Pretty flimsy, but interesting nonetheless.
http://www.slate.com/articles/sports/sports_nut/2015/01/ballghazi_the_new_england_patriots_lose_an_insanely_low_number_of_fumbles.html
I hope this goes away this week and the media can re-focus on what should be a banger game. From the press conference yesterday, it's clear Belichick wants it gone.
Here is an article with another statistical analysis (the Pats have a ridiculously high average number of total offensive plays per fumble, 73 versus the NFL average 48 or so)
http://www.wsj.com/articles/patriots-always-keep-a-tight-grip-on-the-ball-1422054846
Someone notes (in the comments) that the measure of fumbles per offensive play is meaningless, as a many, and sometimes most, offensive plays end in an incomplete pass (ie pass plays that are dropped, overthrown, underthrown, intercepted or broken up).
A more accurate measure is the number of fumbles per sum of _ total completed passes + total running plays_ (passes that don't end up in the receiver's possession will NEVER be fumbled). Not total number of offensive plays.

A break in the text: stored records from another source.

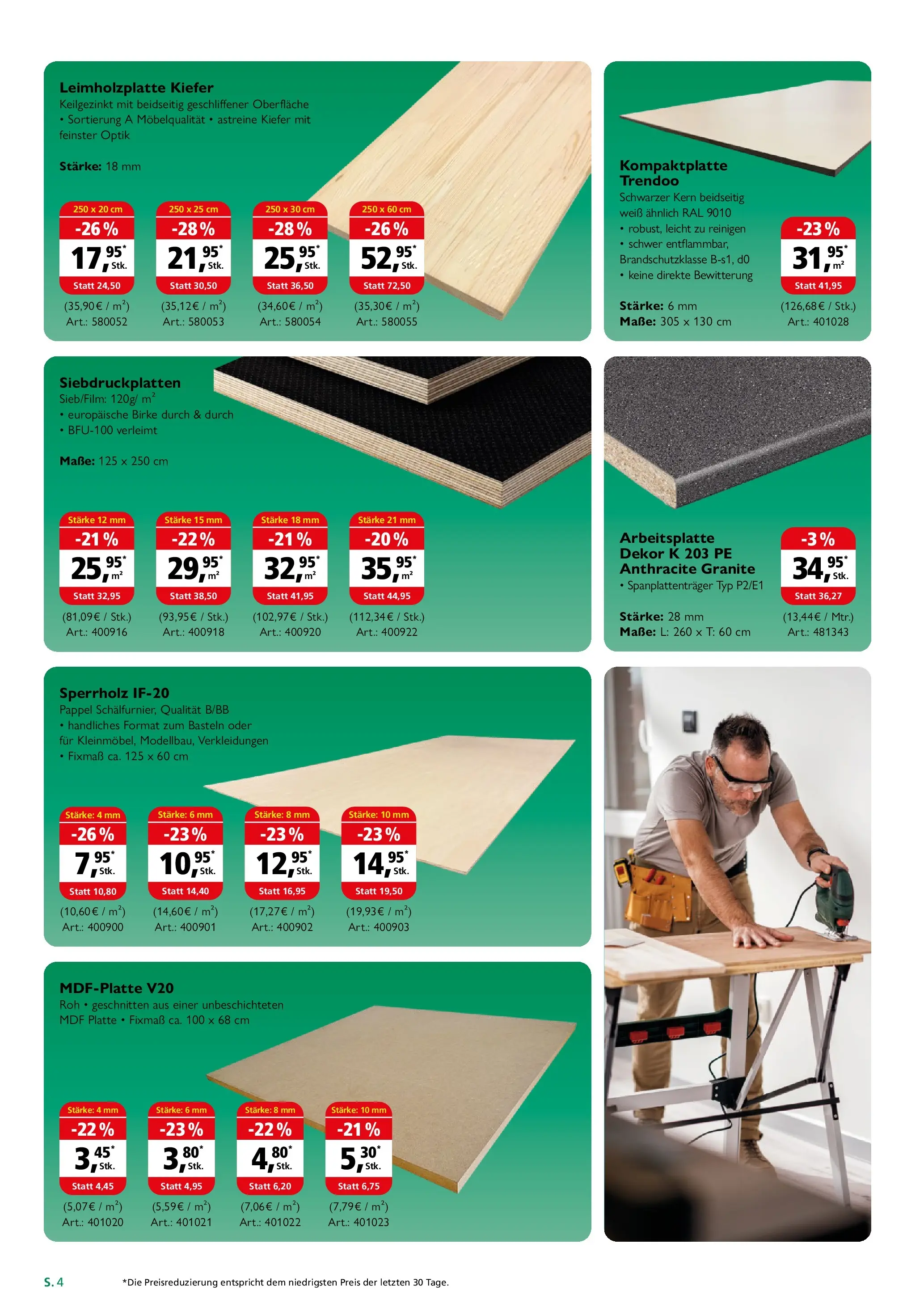 Angebote - Holz Possling | Holz-Bau-Katalog | Juli (ab 28.06.2026) zum Blättern | Seite: 4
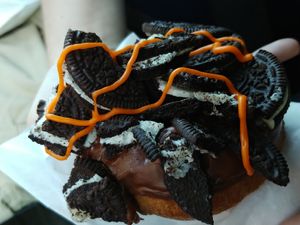 $3.00 Kooky for Cocoa Vegan Cake Donut at Psycho Donuts in Campbell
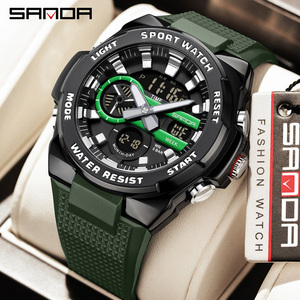 Reloj Digital Multifunción SANDA 3385, Reloj Deportivo Sincrónico a Prueba de Agua, Reloj Despertador Luminoso - Product Image 1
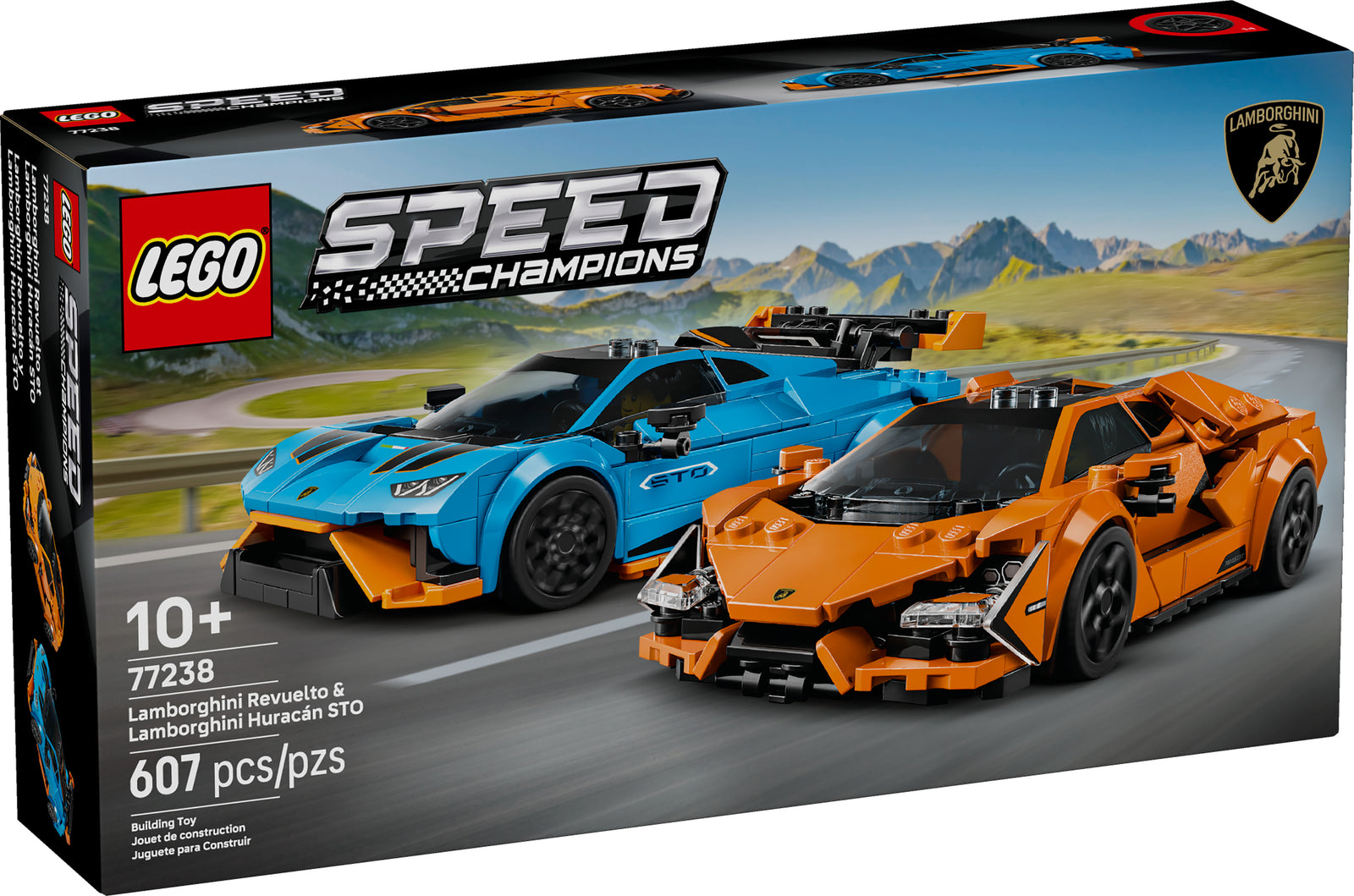 LEGO Speed Champions Lamborghini Revuelto and Huracan STO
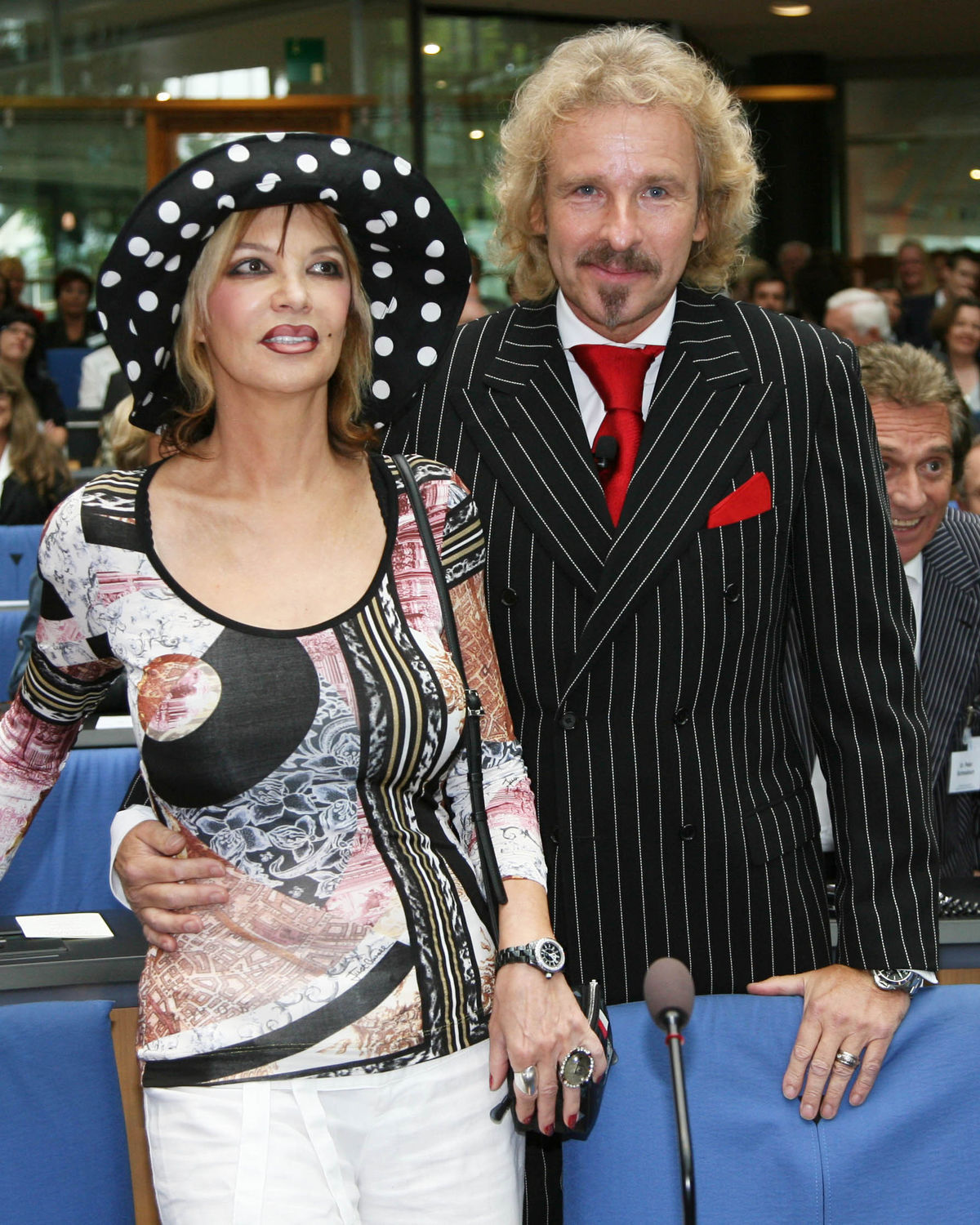 Moderátor Thomas Gottschalk a jeho manželka...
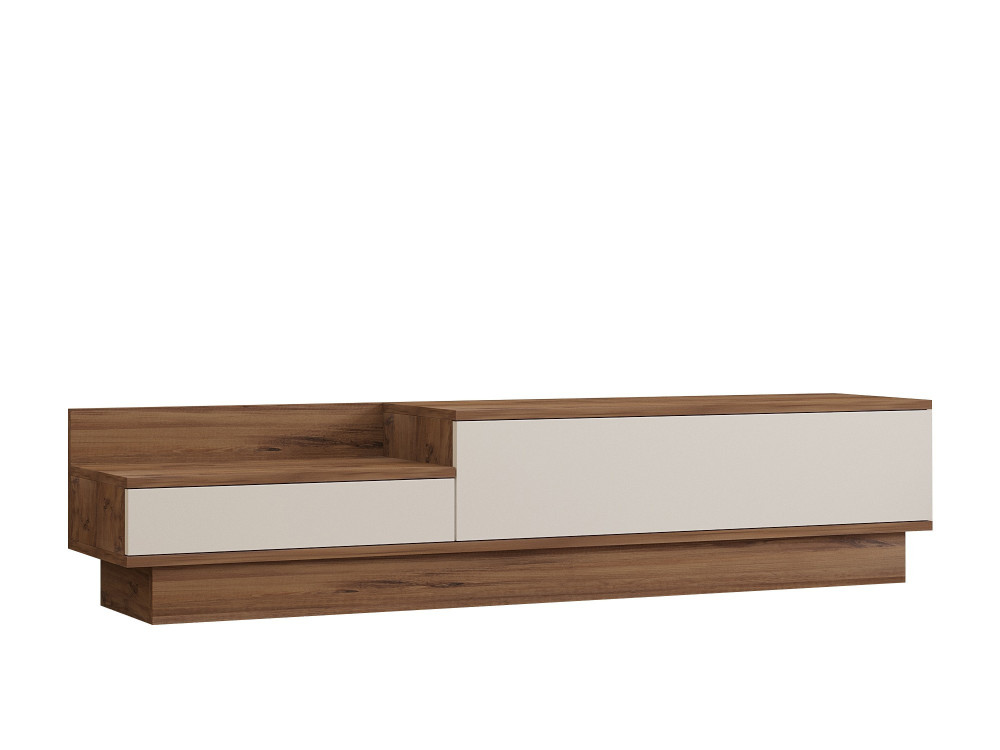 Soporte de TV de madera "Barko" - 160 x 35 x 35 cm - Pino AtlánticoBlanco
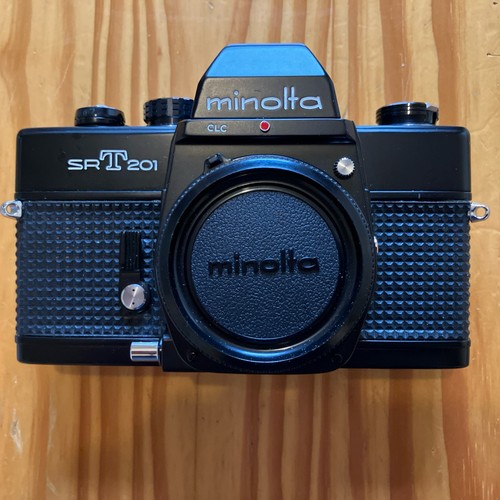 Minolta SRT 201 Film Camera - Rare Ritz Camera Version - Collectible ...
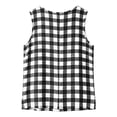 thumbnail image 5 of Wiyuqeen Womens Gingham Tank Top Sleeveless Crew Neck Loose Fit Summer Casual Tanks Lightweight Plaid Shirt for Beach Vacation Daliy Black L, 5 of 10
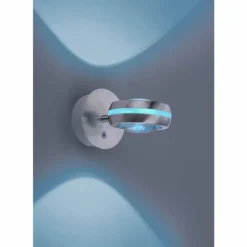 Applique murale Trio Leuchten VISTA LED Nickel mat, 2 lumières, Télécommandes, Changeur de couleurs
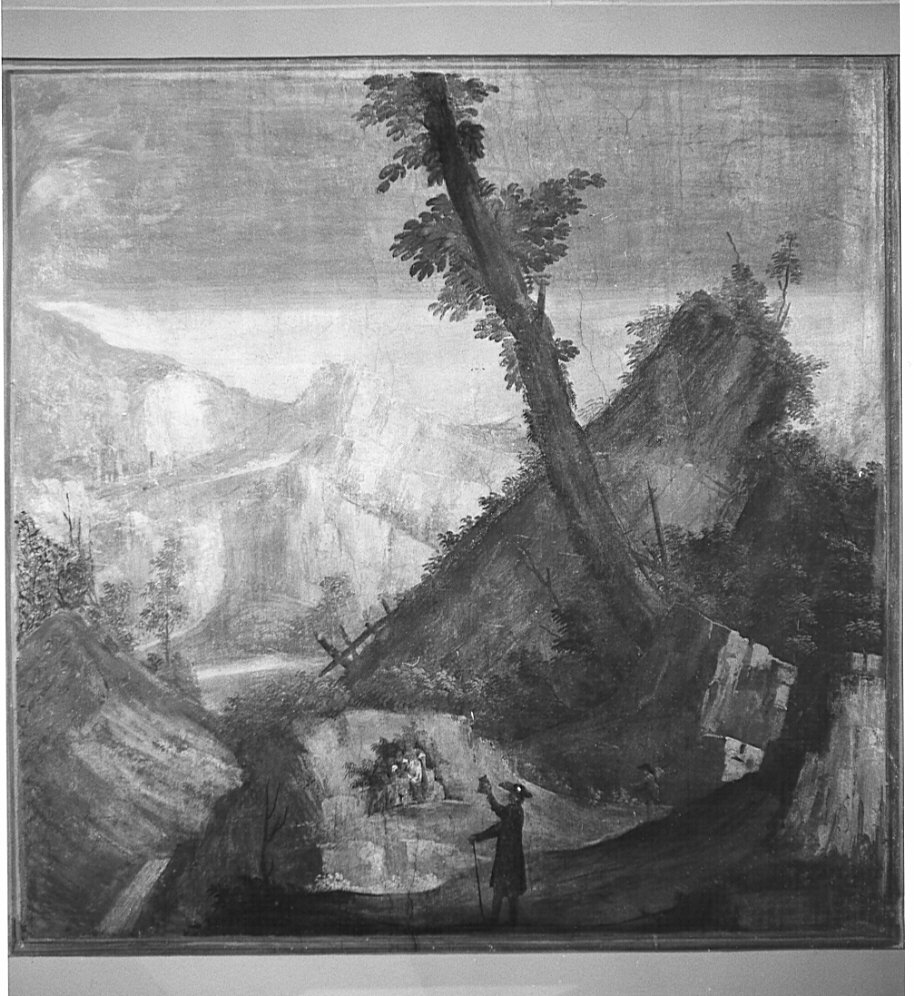 paesaggio (dipinto, opera isolata) di Deleidi Luigi detto Nebbia (attribuito) (inizio sec. XIX)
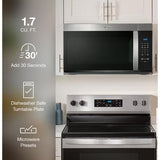Wholesale-Whirlpool WMMS3330RZ Over the Range Microwave 1.7 CF Stainless Steel-Microwave-Electro Vision Inc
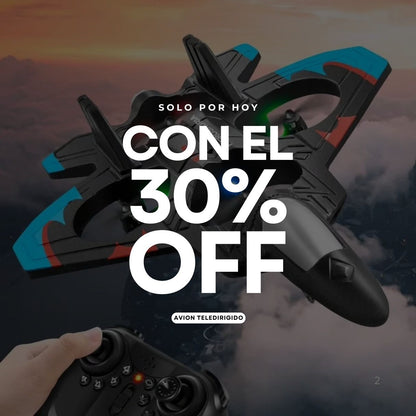 30% OFF Avión Teledirigido SkyZoomer – Diseñado para aventuras sin límites.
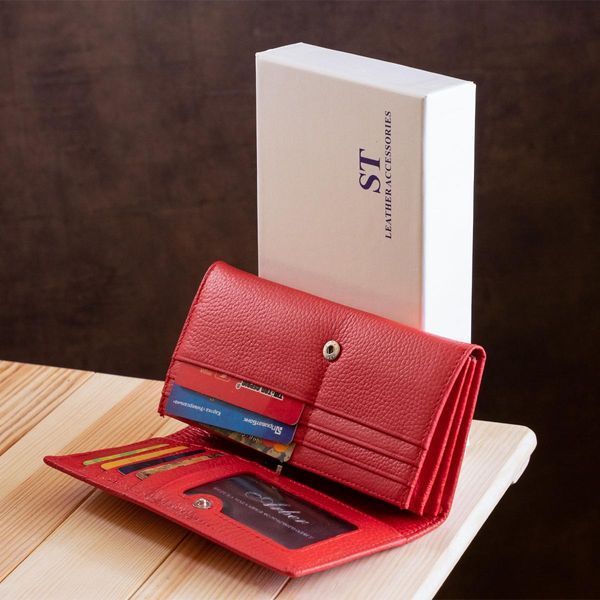Кожаный женский кошелек ST Leather 18858 Красный b18858 фото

So based only on completed pass plays and running plays, New England are hardly outliers - Baltimore are first, the Pats second, Falcons 3rd, Packers 4th in a fairly orderly progression. In the raw statistics - simple "Fumbles per game" - a pure measure of fumbles, New England is tied for second with 2 other teams (Jacksonville and San Diego - Minnestoa is first). Its hardly an indication of a runaway lead in not fumbling. In fact, a lower QB rating could skew the fumble stats in the above graph down with more incomplete passes (they are statistically fumble-proof).
"There are 3 types of untruth - lies, damn lies and statistics".